▸ About this exercise: Each line that contains "steel" needs to be copied from the listing.

▸ Supplied material:
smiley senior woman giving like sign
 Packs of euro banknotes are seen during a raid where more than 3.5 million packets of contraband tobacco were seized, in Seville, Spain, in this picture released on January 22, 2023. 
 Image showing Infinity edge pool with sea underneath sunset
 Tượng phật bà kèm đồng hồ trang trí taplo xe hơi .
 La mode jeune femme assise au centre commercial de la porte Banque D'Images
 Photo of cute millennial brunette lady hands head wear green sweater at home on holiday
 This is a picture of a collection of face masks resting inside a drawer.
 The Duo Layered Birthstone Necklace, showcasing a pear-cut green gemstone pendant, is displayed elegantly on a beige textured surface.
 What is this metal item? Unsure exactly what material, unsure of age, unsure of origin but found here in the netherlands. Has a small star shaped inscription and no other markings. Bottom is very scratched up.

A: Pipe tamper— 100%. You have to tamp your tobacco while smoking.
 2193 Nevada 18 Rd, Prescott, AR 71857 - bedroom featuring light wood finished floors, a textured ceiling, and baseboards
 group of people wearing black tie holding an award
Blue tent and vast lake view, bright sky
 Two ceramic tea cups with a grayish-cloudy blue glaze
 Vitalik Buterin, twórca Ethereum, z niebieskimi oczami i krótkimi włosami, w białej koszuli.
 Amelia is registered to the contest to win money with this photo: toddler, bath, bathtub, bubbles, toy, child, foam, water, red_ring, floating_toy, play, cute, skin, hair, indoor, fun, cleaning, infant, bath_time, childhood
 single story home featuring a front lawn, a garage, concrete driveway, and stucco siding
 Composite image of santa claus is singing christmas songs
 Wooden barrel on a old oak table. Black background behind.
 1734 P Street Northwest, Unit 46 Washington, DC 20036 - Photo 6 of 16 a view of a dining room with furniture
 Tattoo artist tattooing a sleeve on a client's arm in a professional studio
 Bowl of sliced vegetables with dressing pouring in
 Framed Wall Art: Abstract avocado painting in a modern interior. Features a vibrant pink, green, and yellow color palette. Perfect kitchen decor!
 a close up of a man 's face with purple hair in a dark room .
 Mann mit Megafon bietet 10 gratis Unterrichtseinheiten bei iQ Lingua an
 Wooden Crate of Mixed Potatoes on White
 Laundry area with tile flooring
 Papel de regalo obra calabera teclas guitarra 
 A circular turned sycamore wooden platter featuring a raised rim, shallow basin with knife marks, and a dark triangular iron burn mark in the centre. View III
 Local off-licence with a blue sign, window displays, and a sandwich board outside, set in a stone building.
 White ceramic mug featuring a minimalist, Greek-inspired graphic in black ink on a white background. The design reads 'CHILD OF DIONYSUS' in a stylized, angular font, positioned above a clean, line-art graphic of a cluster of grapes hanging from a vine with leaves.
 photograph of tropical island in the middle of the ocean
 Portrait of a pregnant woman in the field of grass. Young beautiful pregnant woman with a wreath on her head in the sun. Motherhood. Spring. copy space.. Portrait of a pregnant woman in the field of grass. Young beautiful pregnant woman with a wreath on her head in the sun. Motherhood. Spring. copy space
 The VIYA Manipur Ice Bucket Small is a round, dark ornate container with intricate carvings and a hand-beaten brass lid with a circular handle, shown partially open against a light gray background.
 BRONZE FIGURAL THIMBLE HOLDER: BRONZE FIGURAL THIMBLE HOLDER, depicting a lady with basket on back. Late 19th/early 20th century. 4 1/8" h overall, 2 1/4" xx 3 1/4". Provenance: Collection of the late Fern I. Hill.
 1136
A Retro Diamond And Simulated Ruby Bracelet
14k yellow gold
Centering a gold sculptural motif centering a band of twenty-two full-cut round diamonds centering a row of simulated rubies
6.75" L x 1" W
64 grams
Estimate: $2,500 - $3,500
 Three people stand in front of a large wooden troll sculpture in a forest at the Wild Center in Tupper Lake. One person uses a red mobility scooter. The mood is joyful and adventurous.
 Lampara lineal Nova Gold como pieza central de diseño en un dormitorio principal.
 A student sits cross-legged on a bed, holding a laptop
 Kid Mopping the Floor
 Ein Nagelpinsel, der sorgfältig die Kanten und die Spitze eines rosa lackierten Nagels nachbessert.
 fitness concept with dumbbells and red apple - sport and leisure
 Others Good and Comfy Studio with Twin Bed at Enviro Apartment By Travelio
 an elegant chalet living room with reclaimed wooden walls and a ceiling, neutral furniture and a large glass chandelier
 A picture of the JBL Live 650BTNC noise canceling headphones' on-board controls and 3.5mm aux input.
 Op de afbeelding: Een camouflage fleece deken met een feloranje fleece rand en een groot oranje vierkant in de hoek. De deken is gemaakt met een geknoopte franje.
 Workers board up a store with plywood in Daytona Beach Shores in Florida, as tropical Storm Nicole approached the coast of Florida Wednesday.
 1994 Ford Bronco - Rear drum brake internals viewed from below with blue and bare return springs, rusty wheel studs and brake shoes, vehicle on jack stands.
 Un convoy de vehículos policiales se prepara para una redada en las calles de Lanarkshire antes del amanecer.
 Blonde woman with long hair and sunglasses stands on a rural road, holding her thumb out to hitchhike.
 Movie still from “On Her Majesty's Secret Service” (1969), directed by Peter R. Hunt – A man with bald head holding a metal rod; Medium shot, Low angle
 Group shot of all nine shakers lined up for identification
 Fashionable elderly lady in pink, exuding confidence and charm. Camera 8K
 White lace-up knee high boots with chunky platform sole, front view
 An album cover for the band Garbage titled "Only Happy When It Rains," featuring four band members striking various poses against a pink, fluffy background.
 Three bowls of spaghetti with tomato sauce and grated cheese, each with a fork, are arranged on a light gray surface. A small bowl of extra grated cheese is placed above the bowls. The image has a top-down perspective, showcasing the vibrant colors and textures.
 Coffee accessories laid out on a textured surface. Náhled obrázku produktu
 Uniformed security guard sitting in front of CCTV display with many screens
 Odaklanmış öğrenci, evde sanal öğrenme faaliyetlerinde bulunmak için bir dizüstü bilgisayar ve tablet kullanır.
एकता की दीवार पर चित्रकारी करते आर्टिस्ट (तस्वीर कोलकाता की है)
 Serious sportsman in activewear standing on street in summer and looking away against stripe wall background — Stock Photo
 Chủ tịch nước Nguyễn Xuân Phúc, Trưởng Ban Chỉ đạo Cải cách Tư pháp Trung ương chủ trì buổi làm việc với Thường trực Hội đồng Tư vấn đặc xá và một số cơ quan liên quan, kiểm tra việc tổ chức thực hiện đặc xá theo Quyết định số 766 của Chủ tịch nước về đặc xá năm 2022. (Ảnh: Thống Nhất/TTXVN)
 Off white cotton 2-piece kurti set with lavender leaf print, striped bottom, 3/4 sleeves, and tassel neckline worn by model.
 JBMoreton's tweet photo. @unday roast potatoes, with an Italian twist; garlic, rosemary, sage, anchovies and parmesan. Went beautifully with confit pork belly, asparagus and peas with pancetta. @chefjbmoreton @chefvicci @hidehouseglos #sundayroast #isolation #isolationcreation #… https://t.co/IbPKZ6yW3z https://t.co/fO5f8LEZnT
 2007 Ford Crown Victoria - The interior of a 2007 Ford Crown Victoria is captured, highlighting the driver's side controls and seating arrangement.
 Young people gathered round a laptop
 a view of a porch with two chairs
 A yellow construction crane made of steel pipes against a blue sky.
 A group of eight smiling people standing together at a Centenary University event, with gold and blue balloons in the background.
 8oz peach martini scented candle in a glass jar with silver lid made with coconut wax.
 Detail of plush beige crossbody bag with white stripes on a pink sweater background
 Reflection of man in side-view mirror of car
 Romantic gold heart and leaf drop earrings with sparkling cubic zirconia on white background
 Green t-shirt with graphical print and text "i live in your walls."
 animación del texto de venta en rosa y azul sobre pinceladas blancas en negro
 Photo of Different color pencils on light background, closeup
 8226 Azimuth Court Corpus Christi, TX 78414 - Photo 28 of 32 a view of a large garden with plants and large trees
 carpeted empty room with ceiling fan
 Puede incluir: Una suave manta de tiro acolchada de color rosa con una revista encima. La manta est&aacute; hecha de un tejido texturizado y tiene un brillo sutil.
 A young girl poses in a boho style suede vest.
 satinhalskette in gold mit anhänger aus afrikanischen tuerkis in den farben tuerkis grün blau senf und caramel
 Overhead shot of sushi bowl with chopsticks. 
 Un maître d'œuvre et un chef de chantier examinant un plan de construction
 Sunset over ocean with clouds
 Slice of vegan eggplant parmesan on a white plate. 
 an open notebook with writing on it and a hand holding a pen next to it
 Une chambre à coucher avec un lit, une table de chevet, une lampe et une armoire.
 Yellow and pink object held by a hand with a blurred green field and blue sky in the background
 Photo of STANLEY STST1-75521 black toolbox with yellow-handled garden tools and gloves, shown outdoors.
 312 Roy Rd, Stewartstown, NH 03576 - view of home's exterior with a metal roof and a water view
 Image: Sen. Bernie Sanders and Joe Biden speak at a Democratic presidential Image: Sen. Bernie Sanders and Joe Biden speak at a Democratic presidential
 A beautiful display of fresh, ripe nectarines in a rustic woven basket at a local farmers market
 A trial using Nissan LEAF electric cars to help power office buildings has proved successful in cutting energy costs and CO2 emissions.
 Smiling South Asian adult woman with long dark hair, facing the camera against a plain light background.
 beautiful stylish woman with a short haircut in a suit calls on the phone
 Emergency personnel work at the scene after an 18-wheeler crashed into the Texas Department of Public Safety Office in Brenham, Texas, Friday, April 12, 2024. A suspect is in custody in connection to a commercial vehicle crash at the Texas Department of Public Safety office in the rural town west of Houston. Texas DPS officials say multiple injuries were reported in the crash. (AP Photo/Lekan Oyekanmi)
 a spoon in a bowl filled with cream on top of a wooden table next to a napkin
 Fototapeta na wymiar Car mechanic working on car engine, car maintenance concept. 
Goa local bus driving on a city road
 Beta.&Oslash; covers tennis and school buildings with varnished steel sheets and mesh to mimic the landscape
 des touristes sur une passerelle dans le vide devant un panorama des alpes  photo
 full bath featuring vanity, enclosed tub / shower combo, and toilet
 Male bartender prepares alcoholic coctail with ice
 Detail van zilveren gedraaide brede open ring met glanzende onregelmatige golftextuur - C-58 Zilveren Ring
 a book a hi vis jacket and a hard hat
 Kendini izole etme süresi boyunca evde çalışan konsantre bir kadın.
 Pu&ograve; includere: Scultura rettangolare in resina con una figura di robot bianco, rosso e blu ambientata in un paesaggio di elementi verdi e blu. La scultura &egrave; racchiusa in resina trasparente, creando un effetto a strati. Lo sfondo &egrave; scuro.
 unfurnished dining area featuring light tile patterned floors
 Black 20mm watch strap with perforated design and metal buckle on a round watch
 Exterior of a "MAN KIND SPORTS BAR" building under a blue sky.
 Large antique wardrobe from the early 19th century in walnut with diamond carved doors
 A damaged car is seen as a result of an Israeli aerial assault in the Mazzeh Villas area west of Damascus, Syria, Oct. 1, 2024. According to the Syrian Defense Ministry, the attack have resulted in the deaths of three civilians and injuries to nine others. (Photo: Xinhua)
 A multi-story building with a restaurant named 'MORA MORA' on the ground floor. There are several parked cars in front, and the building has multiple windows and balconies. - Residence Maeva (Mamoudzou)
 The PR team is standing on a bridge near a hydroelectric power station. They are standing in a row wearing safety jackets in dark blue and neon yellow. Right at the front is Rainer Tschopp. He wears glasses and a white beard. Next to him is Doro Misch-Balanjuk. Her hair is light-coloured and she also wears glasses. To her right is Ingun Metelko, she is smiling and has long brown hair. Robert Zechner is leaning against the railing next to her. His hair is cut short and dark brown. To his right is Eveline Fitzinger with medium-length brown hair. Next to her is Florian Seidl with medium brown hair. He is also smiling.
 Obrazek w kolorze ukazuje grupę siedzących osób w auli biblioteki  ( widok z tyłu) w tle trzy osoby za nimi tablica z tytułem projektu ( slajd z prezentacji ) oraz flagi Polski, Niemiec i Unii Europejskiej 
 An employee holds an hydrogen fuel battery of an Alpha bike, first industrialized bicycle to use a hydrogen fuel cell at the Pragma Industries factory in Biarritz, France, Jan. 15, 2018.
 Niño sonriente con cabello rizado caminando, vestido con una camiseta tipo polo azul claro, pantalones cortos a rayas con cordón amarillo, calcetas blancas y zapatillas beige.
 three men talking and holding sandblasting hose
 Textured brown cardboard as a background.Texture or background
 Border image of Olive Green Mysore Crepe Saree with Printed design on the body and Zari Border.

▸ Task response:
 A yellow construction crane made of steel pipes against a blue sky.
 Beta.&Oslash; covers tennis and school buildings with varnished steel sheets and mesh to mimic the landscape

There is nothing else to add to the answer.